A considerable expansion has been witnessed in the volume and direction of retail trade during the past few years. In rural areas where the populace mainly depended for its purchases on weekly bazars and fairs, a number of retail shops have sprung up recently, at least in big villages, dealing in groceries, cloth, pan-bidi, etc.

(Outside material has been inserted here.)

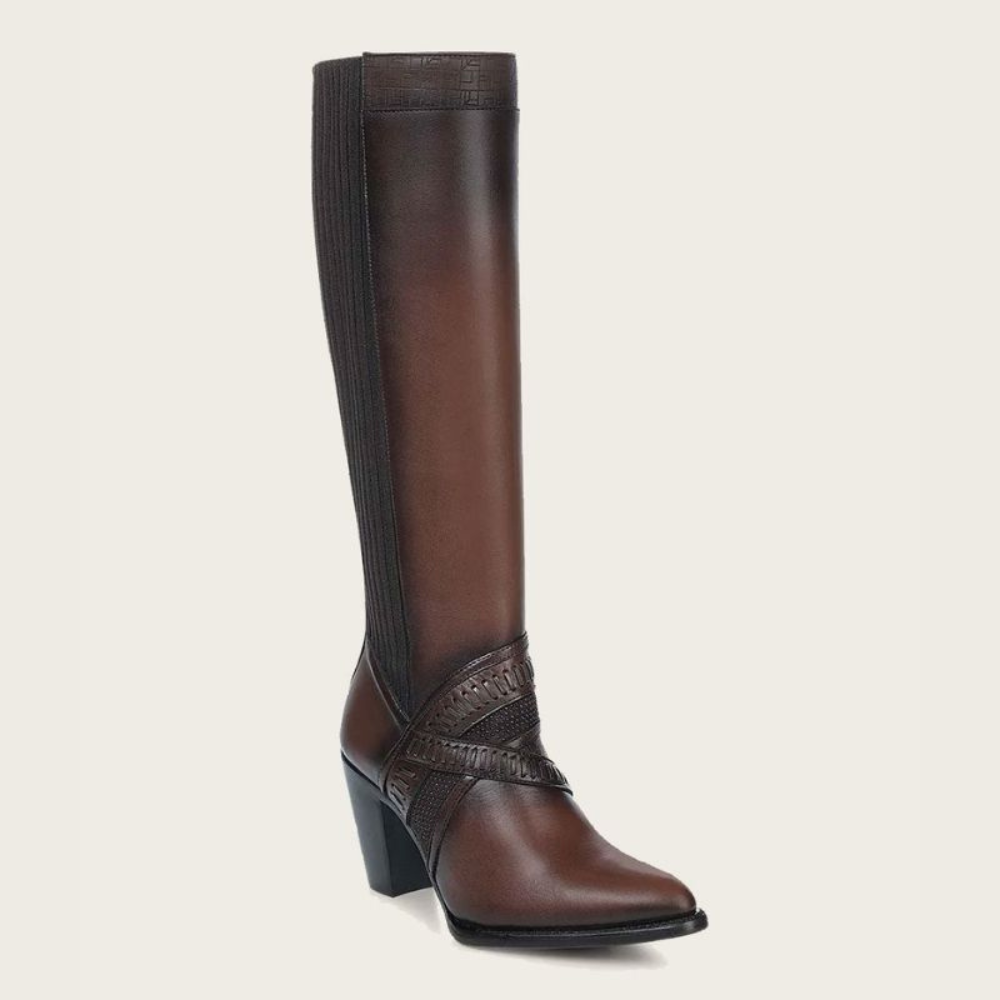 Elegant tall brown leather boot with pointed toe and mid-heel design.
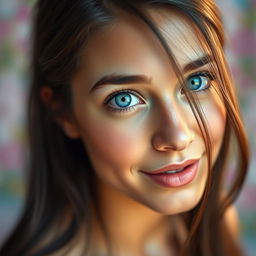 A stunning portrait of a young woman with mesmerizing bright blue eyes wide open, showcasing her beautiful features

As per the Census of 1951, 11,316 persons were engaged in retail trade. According to 1961 Census the number rose by 30.70 per cent, the total number of persons engaged in retail trade being 14,792. Of these 7,548 were in urban areas and 7,244 were in rural areas.

Pedlars and Hawkers.

Pedlars are the traders who travel from village to village mostly during the fair season carrying a variety of articles, such as, groceries, fruits and vegetables, ice-candies, spices, ready-made clothes, saris, khans, tea, bread, biscuits, sweet-meats, etc., either on their person or in bullock-carts, on horses, on bicycles or four wheel carriers. They sell their goods on cash basis or against agricultural produce to their customers whom they know intimately. They usually purchase their stock-in-trade from merchants at all the market places and mostly from the merchants at tahsil and district headquarters or nearby towns or big villages.

The number of pedlars is available for only two tahsils of the district. In Yeotmal tahsil, the approximate number of pedlars was put at between 400 and 500. They usually carried their goods on bicycles and four wheel carriers and sold cloth, stationery articles, kerosene oil, sweet-meats, vegetables, fruits, carpets, toys, crockery, etc. They purchased their stock-in-trade mostly from Yeormal.

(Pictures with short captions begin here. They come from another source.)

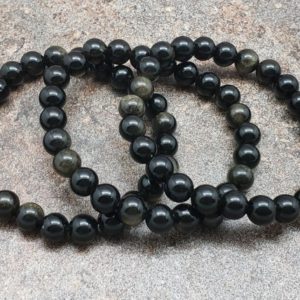 Shop Golden Obsidian Jewelry! 8mm Golden Obsidian Gemstone Bracelet, 7 inch | Natural genuine Golden Obsidian jewelry. Buy crystal jewelry, handmade handcrafted artisan jewelry for women.  Unique handmade gift ideas. #jewelry #beadedjewelry #beadedjewelry #gift #shopping #handmadejewelry #fashion #style #product #jewelry #affiliate #ad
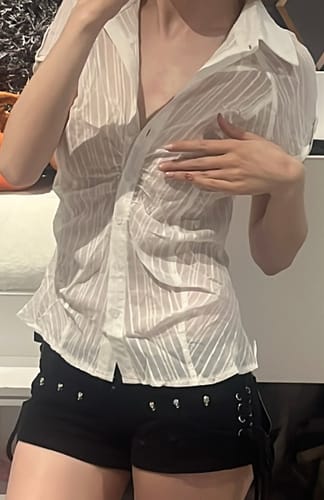 Customer photo review of Lillian Girly White Textured Shirt Top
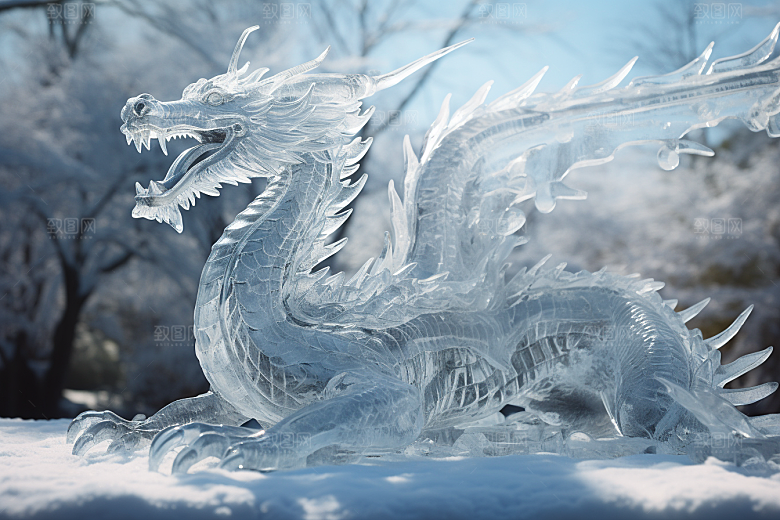龙年冰雕艺术冰雕冰雪雕塑摄影图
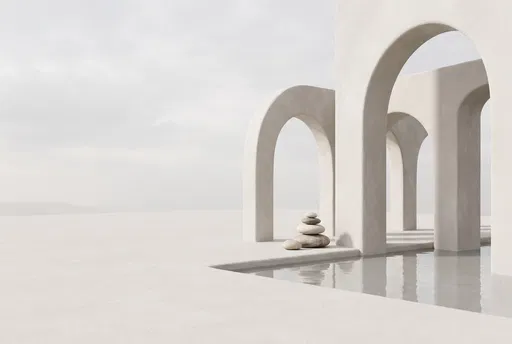 Minimalist Plaster Arches and Zen Stones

The number of pedlars in Darwha tahsil was put at between 200 and 250. They carried their goods mostly in bullock-carts and on horsebacks. Their stock-in-trade mostly comprised stationery articles ready-made clothes, grains and sweet-meats. etc., and was purchased from the merchants at Darwha and Digras.

Though the information was available only for two tahsils, it showed the general trend regarding pedlars and the business they carried on in the district.

Hawkers are to the towns what pedlars are to the villages. The counterpart of pedlars in rural areas, the hawkers in the urban areas play an important part in the retail trade of the district. The hawking system prevails in almost all the municipal towns though in varying degrees. They move from place to place hawking their merchandise. They carry their goods either on their person or on handcarts or on bicycles. The goods sold by them include fruits and vegetables, sprouted pulses, bread, biscuits, eggs, sweet-meats, dry fruits, ice-candies, ice-creams and sharbats, etc.